Brief descriptive captions:
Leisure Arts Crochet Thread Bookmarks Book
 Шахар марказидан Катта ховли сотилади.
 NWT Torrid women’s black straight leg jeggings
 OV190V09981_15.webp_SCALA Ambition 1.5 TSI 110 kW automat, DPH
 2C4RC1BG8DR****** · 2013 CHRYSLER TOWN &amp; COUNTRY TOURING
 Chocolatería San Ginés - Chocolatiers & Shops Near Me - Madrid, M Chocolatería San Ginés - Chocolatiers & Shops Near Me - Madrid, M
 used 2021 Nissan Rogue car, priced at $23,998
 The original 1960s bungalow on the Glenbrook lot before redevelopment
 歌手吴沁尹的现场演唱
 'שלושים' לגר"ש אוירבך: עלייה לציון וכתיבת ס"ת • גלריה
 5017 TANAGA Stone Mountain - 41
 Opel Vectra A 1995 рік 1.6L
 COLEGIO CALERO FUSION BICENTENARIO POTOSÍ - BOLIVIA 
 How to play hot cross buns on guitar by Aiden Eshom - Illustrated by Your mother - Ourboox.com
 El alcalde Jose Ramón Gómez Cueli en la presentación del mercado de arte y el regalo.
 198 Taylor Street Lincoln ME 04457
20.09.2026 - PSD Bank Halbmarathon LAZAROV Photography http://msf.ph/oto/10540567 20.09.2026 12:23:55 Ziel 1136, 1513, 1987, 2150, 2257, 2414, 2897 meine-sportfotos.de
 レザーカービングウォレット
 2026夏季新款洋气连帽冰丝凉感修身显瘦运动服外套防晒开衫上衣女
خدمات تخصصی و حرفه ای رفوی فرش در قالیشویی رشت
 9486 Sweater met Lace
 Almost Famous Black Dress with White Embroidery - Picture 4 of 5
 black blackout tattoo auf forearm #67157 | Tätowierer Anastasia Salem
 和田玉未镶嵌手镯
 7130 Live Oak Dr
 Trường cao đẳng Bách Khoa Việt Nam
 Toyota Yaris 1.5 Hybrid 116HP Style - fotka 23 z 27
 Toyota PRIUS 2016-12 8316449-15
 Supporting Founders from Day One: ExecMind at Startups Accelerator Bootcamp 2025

TO DO:
Could you copy exactly the lines from the one containing "Toyota Yaris 1.5" through the end of the records above, and nothing more?

SOLVED EXERCISE:
 Toyota Yaris 1.5 Hybrid 116HP Style - fotka 23 z 27
 Toyota PRIUS 2016-12 8316449-15
 Supporting Founders from Day One: ExecMind at Startups Accelerator Bootcamp 2025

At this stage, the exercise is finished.